VCÖ: EU vergibt mit zu laschen CO2-Grenzwerten für Autos große Chance für Klimaschutz

VCÖ: Kniefall vor Autoherstellern bedeutet, dass mehr Maßnahmen in Mitgliedsstaaten nötig sind

VCÖ (Wien, 8.November 2017) – Die heute von der EU-Kommission präsentierten CO2-Grenzwerte für Neuwagen sind eine große Enttäuschung, stellt der VCÖ fest. Die CO2-Grenzwerte liegen deutlich über den ursprünglichen Zielen. Die Folge des Kniefalls vor den Autoherstellern: Die Mitgliedsstaaten sind gefordert, zusätzliche Klimaschutz-Maßnahmen zu setzen, um die Klimaziele zu erreichen. Auch die fehlende „Zero-Emission“ Quote ist ein Versäumnis.
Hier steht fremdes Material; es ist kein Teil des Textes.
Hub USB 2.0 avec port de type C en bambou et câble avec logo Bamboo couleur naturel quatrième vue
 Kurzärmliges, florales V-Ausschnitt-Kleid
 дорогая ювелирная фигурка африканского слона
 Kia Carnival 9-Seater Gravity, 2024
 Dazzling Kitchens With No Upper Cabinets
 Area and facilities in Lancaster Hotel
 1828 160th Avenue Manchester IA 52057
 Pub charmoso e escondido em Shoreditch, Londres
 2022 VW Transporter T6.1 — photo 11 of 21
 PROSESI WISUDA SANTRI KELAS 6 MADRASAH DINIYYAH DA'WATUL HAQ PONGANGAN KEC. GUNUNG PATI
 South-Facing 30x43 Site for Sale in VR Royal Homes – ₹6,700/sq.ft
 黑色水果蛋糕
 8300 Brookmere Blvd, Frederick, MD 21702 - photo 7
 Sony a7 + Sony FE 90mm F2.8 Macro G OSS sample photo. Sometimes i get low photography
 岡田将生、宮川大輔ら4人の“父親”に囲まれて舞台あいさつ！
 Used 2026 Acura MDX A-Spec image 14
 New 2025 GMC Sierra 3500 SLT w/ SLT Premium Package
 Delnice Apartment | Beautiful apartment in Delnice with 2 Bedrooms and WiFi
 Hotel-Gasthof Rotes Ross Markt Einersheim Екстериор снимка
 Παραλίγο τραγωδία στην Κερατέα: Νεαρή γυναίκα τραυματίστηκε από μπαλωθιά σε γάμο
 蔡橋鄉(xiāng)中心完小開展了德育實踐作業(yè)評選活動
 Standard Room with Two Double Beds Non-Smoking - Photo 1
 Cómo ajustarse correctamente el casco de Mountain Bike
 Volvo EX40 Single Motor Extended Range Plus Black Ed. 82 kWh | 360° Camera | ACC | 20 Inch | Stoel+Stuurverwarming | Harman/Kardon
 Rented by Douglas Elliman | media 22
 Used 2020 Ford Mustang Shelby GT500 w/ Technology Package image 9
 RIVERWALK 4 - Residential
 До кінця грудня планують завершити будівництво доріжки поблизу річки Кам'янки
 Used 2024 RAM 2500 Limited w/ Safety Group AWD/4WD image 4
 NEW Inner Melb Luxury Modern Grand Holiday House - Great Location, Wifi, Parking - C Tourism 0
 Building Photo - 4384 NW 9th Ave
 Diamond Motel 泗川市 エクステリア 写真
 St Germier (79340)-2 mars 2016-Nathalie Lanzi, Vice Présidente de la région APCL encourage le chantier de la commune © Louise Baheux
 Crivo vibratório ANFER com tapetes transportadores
„Die EU-Kommission ist erneut vor den Autoherstellern in die Knie gegangen und hat offensichtlich aus dem Dieselskandal nichts gelernt. Dass die künftigen CO2-Grenzwerte höher sind als ursprünglich geplant, schadet auch den Mitgliedsstaaten, da diese nun zusätzliche Klimaschutz-Maßnahmen setzen müssen“, stellt VCÖ-Expertin Ulla Rasmussen fest. Im Jahr 2030 müssen die CO2-Werte der Neuwagen im Schnitt lediglich um 30 Prozent niedriger sein als im Jahr 2021 (95 Gramm CO2 pro Kilometer), jedoch nur auf dem Papier. Denn die Zielsetzungen betreffen nur die Herstellerangaben, aber nicht die realen CO2-Emissionen beim Fahren, macht der VCÖ auf ein weiteres Manko des Vorschlags der EU-Kommission aufmerksam. Auch beim neuen Testzyklus wird es eine Abweichung der tatsächlichen Emissionen von den Herstellerangaben geben - zum Schaden der Umwelt.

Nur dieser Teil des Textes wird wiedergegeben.